Banichi ducked out in a momentary gale of wind and racket, and was gone, leaving him to walk back to his seat and pretend the world was in order.

“What did Banichi say, nand’ Bren?”

“He reports they have cleared the tracks, young gentleman.”

“That would have been that boom we heard,” Cajeiri said.

“Do you think so, young sir?” Ilisidi said, grim and thin-lipped. “It may not be the last such we hear.”

“We are still a target,” Tatiseigi said, “a large target, and damnably predictable in our course.”

“Very much so, nandi,” Bren said, “as you made yourself on the way here, did you not?”

“And paid dearly!” Tatiseigi declared, his face drawn with pain as he moved the injured arm in its sling. “This was a Kadagidi assault!

They knew that I personally would travel by automobile. First they destroy my own vehicle, and now they have shot my neighbor’s full of holes!”

“Shocking,” Ilisidi said dryly. “But more than the Kadagidi are involved.”

“They knew, I say!
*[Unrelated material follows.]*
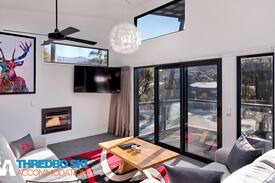 Lake Crackenback Villa | Monument Chalet in Crakenback Resort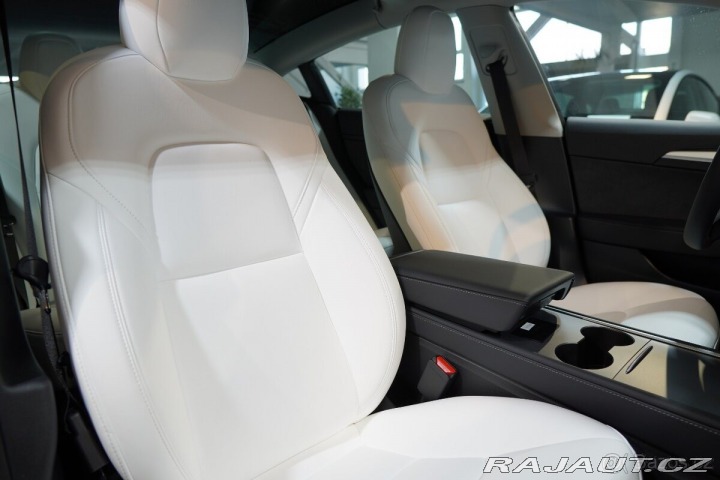 Tesla Model 3 LR 4x4, 62tis km, PLNÝ re 1800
They had every reason to know that their neighbor was in that vehicle, and ignoring all past neighborliness and good will, they opened fire!”

“Perhaps it was the Guild instead, nandi,” Bren interposed, seeing his only window of opportunity, perhaps, to avoid a very messy feud between the Atageini and the Kadagidi—the burned stable, even the fatalities out on the grounds and the damage to the house might be accepted as the result of high politics, in which bloodshed was not unknown, but to think the Kadagidi, his neighbors, with whom he had such a checkered history of dangerous cooperation, had made a particular target of a vehicle they had every reason to think carried the lord of the Atageini—that, that had clearly offended the old man on a deeply personal level. “We might not have cleared all of them in the—incident.”